# Waders for cold weather



## Wormdunker69 (Apr 8, 2004)

Just purchased a pair of 1,000 Thinsulate waders from Rodmaker's Shop for $113.00 and change. Being an old(?) fellow as I am, if these don't keep me warm when Steelie fishing then I guess it is time to put the noodle rod away and wait for warm weather. OK, that is all I have to say. Bill


----------



## Darwin (Apr 12, 2004)

I got myself a pair of 1000 grams thinsulate trapping waders from Cabelas last year. These things are the most rugged pair of waders I have ever had. They are a little stiff and kinda hard to walk in if you have a long walk but they do keep you warm. I do a little bit of trapping and a lot of waterfowl hunting and they are great for that.

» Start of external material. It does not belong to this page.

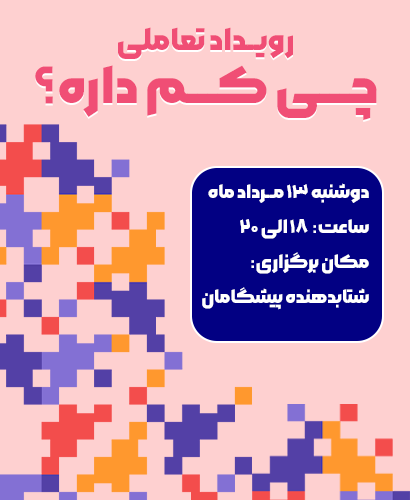 پروف1 پروف1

If I have a long walk to get to my hunting spot I usually pack them in and put them on when I get to my spot.


----------



## Gotravel (Apr 11, 2004)

Buddy If you are still cold in 1000 grams, you might think about looking at a fleece liner. They should keep the cold away from your body and you a lot warmer. Always make sure you eat before you fish. A little fuel in the stove keeps the fire going. Mike


----------



## Walter Adkins (May 20, 2004)

Are your waders neoprene? I have a pair of 4mm neoprene that I use for fishing in the winter. They work just fine even if the water has ice on it. I just wish that I could keep my hands warmer in below freezing weather. Wet fingers and 10 degree weather just do not mix.


----------



## Gotravel (Apr 11, 2004)

Cold hands can shorten any day. Your nose and fingers are exposed to the wind and water and it can get difficult. We fished every week last winter in the Mad except for two. Thats a lot of ice in the rod guides. I always wear golves with the fingers tips cut off. There's a lot on the market but I cut my own. I carry an extra pair in case they get wet. Wet fingers are really cold so try using the small hand warmers in a pocket and take short breaks. Idle hands get colder. These little chemical warmers can really extend a days fishing. 
I use 3.5 mil neoprene with no problem. If I'm fishing deeper water all day, I find I can get a little cooler and chilled by the end of day. Layers can really help. I nick named one fellow we fish with scout. Seems he always finds a way test my legs by hiking miles to the next hole. The 3.5 mil are great walking waders. I fished this past Wed and managed a 12 and 15 inch Brown. Best day in a while. It's about time to put the baot in storage I guess. Can't wait for the snow! Mike


----------